▶ [Assignment]
Your answer should hold exactly the lines from the one with "Toyota Celica - Toyota Celica aus 2000" through the last line of the material below, nothing before and nothing extra.

** Opening Information block **

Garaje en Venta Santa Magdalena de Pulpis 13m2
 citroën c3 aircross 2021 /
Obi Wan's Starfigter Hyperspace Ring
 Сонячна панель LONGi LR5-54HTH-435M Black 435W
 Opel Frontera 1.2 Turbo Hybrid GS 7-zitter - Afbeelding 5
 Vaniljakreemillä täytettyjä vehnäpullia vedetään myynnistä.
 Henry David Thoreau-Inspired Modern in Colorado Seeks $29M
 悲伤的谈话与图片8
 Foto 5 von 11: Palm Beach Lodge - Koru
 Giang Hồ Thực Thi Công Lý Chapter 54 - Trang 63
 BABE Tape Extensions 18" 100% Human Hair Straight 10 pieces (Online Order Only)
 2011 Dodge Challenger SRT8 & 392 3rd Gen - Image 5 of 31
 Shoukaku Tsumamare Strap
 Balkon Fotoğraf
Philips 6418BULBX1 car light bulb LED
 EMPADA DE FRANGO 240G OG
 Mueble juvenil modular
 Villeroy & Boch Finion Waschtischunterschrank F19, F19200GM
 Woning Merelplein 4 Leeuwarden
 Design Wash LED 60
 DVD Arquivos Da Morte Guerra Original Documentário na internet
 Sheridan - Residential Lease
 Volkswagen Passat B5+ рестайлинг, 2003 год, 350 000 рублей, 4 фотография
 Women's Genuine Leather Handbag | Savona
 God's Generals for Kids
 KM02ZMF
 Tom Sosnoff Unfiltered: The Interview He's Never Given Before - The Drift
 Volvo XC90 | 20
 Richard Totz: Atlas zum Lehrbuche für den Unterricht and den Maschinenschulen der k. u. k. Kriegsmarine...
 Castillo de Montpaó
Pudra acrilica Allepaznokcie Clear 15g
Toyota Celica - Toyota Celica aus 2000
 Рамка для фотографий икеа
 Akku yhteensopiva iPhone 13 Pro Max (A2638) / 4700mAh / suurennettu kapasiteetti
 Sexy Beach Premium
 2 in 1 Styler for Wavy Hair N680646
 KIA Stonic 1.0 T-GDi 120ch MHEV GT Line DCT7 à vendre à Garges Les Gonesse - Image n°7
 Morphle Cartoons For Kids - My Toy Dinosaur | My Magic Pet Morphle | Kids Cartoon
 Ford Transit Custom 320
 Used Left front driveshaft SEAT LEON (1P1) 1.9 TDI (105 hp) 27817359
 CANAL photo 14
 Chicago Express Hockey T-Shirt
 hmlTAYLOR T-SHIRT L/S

** Closing Information block **

▶ [Result for this exercise]
Toyota Celica - Toyota Celica aus 2000
 Рамка для фотографий икеа
 Akku yhteensopiva iPhone 13 Pro Max (A2638) / 4700mAh / suurennettu kapasiteetti
 Sexy Beach Premium
 2 in 1 Styler for Wavy Hair N680646
 KIA Stonic 1.0 T-GDi 120ch MHEV GT Line DCT7 à vendre à Garges Les Gonesse - Image n°7
 Morphle Cartoons For Kids - My Toy Dinosaur | My Magic Pet Morphle | Kids Cartoon
 Ford Transit Custom 320
 Used Left front driveshaft SEAT LEON (1P1) 1.9 TDI (105 hp) 27817359
 CANAL photo 14
 Chicago Express Hockey T-Shirt
 hmlTAYLOR T-SHIRT L/S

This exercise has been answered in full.